El día 27 fue enterrado en el cementerio de Pajares de la Lampreana el sacerdote don Fabriciano Prieto Miguel, Fabri para amigos y conocidos. Tenía 77 años y Dios lo llamó a su lado el día anterior. Por la mañana se sintió mal, le auxiliaron, pero nada se pudo hacer para recuperar su maltrecha salud. Presidió la misa de funeral el obispo de Zamora, Mons. Fernando Valera, acompañado por su vicario general, el pajarés César Salvador, y una treintena de sacerdotes. Estaba en el Hogar Reina de la Paz regentado por las Hermanitas de los Ancianos Desamparados de Zamora. Tres de ellas asistieron al funeral.

Fabri sobrellevó con entereza en los últimos años un cáncer que, al final, acabó con su vida. Mons. Valera resaltó dos de sus cualidades en la homilía: la aceptación de su enfermedad y su amor a la Iglesia local, a la sirvió como canónigo, párroco en varios pueblos y a través de la música.
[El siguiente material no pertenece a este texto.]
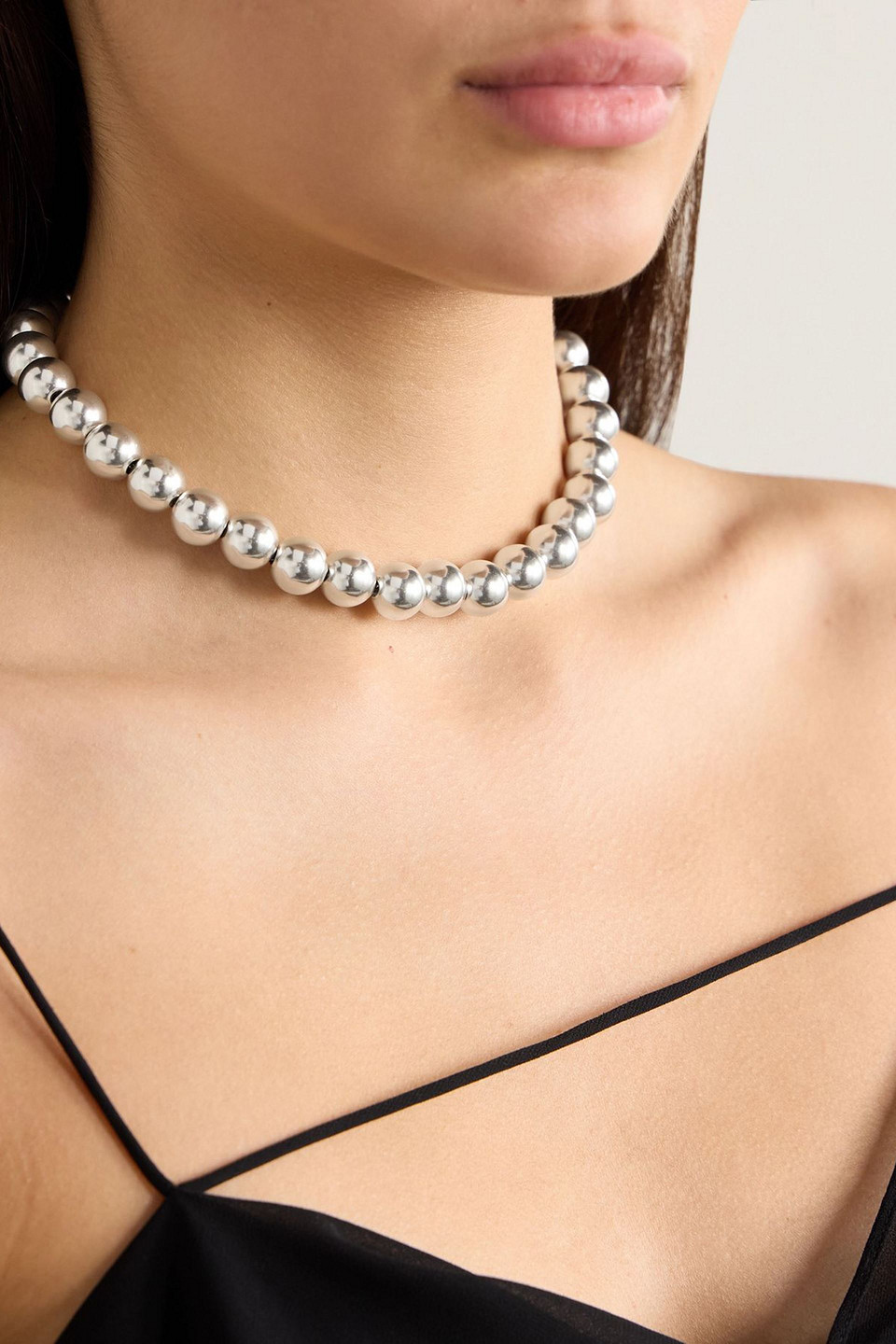 Jil Sander Sphere Silver-tone Necklace In Pattern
Me precio de haber sido amigo de Fabri en la infancia. La casa de sus padres está a escasos metros de la mía. Un día, tendríamos nueve años, nos decidimos a ser monaguillos. Para ello tuvimos que aprender de memoria en latín el llamado “Ordo Missae”, que consistía en las respuestas que daban los monaguillos a los sacerdotes. Comenzaba con un “Introibo ad altare Dei” (Entraré al altar de Dios) y los monaguillos respondíamos: “Ad Deum qui laetificat juventutem meam” (Hasta Dios, que alegra mi corazón). Me emocioné al leer esa invocación sacerdotal en la novela “Ulises” de James Joyce.

A Fabri le acompañé en una ocasión, hace una treintena de años, a un pequeño pueblo cerca de Pereruela, en donde era admirado y querido por los escasos parroquianos. Admiré allí su sencillez y cercanía con la gente humilde

Nos aceptó como monaguillos, después del preceptivo examen, el entonces párroco de Pajares, Don Teodoro. Pocos años después Fabri fue al seminario menor de Toro y yo a la escuela apostólica de Corias (Asturias), convertida en 2013 en Parador Nacional. Él perseveró y se ordenó sacerdote. Yo colgué los hábitos cuando estudiaba filosofía en Caldas de Besaya (Santander), en el mismo convento en el que en diciembre de 1936 el dominico pajarés P. Eliseo Miguel y siete compañeros fueron apresados por milicianos y arrojados al mar cantábrico. El P. Eliseo es uno de los cuatro beatos pajareses.

A Fabri le acompañé en una ocasión, hace una treintena de años, a un pequeño pueblo cerca de Pereruela, en donde era admirado y querido por los escasos parroquianos. Admiré allí su sencillez y cercanía con la gente humilde. Impartió clases de música y colaboró con un grupo de folclore popular zamorano llamado “Voces de la Tierra”, del que formaba parte su hermana Marcelina. Puso la música a un himno a la Virgen del Templo, patrona de Pajares de la Lampreana y de la Tierra del Pan, al que yo había escrito la letra.

Fabri rehuía las alharacas. Se encontraba a gusto en segundo plano, tanto en el pueblo, en el que tenía la casa familiar, como ejerciendo de canónigo en Zamora. Aseguró Mons. Valera en la homilía que le había acompañado en su debilidad, incluso el mismo día en que falleció. En la misa de funeral asistieron no solo el obispo y los sacerdotes, sino todos los pajareses que cabían en el santuario de la Virgen del Templo, aledaña al cementerio. Se guardaron escrupulosamente las distancias recomendadas en esta nueva ola de la pandemia. Fue una misa gozosa, cantada con solemnidad, en homenaje a un sacerdote enraizado en el pueblo y abierto a muchos feligreses zamoranos que vieron en él sobre todo a un hombre enamorado de la Iglesia, a la que siendo un niño sirvió como monaguillo.